_ABOUT THIS TASK_
Find the line containing "Volkswagen T-Roc - 8" in the records below. Copy exactly that line and each one after it, ending at the line containing "165078 Gezicht op", and nothing more.

(SOURCE MATERIAL Opens)

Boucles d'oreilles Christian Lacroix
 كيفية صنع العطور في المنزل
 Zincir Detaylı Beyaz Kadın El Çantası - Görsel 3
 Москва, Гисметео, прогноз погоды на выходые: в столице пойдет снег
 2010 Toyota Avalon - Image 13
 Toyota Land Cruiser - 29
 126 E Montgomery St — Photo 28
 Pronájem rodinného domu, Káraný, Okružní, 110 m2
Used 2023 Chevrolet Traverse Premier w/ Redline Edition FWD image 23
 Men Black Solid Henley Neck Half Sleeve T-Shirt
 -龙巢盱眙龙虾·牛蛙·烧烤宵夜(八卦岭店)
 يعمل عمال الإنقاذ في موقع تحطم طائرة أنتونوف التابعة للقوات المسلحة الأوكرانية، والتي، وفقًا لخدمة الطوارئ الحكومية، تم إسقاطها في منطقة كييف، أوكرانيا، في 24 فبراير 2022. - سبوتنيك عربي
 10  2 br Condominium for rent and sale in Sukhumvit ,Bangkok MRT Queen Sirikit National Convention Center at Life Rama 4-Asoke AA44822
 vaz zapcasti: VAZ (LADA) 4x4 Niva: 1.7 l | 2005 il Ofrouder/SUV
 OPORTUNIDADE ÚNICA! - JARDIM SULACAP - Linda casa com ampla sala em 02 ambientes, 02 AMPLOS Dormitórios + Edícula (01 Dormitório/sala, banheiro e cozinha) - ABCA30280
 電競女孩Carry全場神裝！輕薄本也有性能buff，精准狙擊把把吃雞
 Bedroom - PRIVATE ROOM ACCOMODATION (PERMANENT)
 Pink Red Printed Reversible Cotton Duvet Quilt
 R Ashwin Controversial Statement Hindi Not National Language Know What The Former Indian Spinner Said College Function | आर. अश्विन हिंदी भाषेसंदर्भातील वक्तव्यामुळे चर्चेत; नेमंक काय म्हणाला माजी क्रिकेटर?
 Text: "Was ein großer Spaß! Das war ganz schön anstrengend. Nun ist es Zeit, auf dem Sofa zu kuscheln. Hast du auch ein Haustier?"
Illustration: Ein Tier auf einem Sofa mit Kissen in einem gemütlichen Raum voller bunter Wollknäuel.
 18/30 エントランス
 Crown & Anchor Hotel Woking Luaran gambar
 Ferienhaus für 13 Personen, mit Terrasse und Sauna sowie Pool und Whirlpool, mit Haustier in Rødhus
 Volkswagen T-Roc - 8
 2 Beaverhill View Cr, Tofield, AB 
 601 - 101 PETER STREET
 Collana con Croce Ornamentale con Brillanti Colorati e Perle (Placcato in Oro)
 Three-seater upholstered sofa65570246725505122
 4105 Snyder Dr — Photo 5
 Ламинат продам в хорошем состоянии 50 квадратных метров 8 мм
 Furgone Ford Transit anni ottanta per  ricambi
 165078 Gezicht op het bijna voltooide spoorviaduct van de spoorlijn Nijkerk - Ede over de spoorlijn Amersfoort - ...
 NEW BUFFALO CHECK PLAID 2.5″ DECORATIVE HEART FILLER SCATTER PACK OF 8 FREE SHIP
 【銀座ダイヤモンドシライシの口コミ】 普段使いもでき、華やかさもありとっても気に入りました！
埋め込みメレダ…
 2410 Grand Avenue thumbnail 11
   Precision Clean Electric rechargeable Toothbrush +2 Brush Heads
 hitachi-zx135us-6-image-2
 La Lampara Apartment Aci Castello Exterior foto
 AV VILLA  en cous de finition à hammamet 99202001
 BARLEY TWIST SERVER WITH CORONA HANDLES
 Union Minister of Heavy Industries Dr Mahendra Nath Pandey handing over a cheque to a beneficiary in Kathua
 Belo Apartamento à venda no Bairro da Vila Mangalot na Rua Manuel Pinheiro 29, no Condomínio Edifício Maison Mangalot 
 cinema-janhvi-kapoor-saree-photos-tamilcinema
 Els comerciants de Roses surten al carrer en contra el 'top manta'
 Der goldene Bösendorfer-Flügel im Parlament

(SOURCE MATERIAL Closes)

_TASK SOLUTION_
 Volkswagen T-Roc - 8
 2 Beaverhill View Cr, Tofield, AB 
 601 - 101 PETER STREET
 Collana con Croce Ornamentale con Brillanti Colorati e Perle (Placcato in Oro)
 Three-seater upholstered sofa65570246725505122
 4105 Snyder Dr — Photo 5
 Ламинат продам в хорошем состоянии 50 квадратных метров 8 мм
 Furgone Ford Transit anni ottanta per  ricambi
 165078 Gezicht op het bijna voltooide spoorviaduct van de spoorlijn Nijkerk - Ede over de spoorlijn Amersfoort - ...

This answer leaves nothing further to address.